Temperature rises at Fukushima Daiichi unit 4 spent fuel pool

26 April 2011

The water temperature of the Fukushima Daiichi unit 4 spent fuel pool has been approaching boiling over the past week. However, periodic water injection with a concrete pump has reduced water temperatures.

Reactor-by-reactor, system-by-system summary from JAIF as of 26 April
Reactor-by-reactor, system-by-system summary from JAIF as of 26 April; yellow indicates abnormal/unstable; red means damaged/nonfunctional

The spent fuel pool water temperature was 90°C on 22 April before a spray of approximately 46 tons of water. It rose again to 83°C before spraying 140 tons of water on 23 April, and 66°C after. It rose to 86°C before spraying 165 tons of water, and 81°C after, according to a summary from the Japan Atomic Industrial Forum. Because the unit 4 reactor was shut down at the time of the earthquake and tsunami on 11 March, its fuel pool contains not only spent fuel, but also the reactor's current fuel load (a total of more than 1500 fuel rods). TEPCO was planning to inject 210 tons of water into the pool on 25 April, according to a report from Japanese newswire NHK, republished by JAIF. The report adds that concerns about the bearing strength of the building, which has been weakened by the earthquake, had previously limited the amount of water injection. It is now planning to install concrete pillars beneath the pool to stabilise it in case of aftershocks.

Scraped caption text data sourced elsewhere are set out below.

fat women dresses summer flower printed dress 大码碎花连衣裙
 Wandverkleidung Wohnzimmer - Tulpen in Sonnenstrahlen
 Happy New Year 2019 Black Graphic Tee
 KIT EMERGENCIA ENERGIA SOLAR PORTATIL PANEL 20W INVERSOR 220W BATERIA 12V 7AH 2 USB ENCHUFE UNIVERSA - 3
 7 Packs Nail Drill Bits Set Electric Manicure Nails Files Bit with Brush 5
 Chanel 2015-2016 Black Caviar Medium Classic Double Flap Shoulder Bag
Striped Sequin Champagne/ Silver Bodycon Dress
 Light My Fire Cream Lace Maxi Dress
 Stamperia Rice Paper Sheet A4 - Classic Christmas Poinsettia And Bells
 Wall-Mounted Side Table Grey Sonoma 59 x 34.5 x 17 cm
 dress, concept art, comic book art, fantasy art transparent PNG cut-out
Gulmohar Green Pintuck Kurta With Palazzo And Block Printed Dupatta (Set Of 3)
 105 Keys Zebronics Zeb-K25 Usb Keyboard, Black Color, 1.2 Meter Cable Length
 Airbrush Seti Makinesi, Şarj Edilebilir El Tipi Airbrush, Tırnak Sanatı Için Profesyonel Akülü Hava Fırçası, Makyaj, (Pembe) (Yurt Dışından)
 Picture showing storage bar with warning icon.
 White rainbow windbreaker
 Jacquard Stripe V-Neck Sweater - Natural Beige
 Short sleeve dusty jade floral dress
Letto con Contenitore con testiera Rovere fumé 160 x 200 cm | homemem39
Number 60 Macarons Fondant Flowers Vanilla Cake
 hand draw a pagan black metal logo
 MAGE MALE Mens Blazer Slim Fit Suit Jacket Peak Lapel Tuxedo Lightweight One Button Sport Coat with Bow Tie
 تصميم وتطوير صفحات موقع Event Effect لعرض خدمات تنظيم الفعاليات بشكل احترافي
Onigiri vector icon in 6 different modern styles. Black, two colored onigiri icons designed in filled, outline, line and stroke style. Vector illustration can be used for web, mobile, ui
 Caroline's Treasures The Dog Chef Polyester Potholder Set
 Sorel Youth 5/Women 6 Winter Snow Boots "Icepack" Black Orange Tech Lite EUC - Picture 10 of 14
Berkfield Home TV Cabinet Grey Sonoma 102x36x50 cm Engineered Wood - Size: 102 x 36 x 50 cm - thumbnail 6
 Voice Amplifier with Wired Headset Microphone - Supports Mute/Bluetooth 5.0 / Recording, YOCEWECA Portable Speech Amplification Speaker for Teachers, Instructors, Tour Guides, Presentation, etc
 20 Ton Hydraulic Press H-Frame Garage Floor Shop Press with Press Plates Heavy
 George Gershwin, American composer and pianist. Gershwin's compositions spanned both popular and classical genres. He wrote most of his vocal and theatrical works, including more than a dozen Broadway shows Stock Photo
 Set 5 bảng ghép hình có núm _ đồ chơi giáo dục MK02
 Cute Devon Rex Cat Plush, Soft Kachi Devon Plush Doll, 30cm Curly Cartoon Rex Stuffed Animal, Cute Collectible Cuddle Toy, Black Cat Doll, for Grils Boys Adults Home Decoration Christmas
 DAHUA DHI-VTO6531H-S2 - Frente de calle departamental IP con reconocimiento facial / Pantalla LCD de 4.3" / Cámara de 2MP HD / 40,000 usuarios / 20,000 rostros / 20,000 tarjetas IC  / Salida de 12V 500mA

In other news, the temporary 6.9kV emergency power source went offline for three hours on 25 April as workers connected the high-voltage power panels at units 1&2 to that at units 5&6. Emergency reactor cooling pumps were switched to a temporary diesel generator. NHK reports that the work is intended to secure electricity supply in the case of another earthquake; in case any one of three outside sources of power is cut off, another source can be used.

Also, JAIF reports on the convening of the first meeting on compensation for nuclear damage on 15 April. The panel is led by law professor Yoshihisa Nomi of Tokyo's Gakushuin University. Because the accident is caused by a natural disaster, the government is likely to pay out a maximum of JPY120 billion per company, or $1.46 billion. Guidelines are due in July.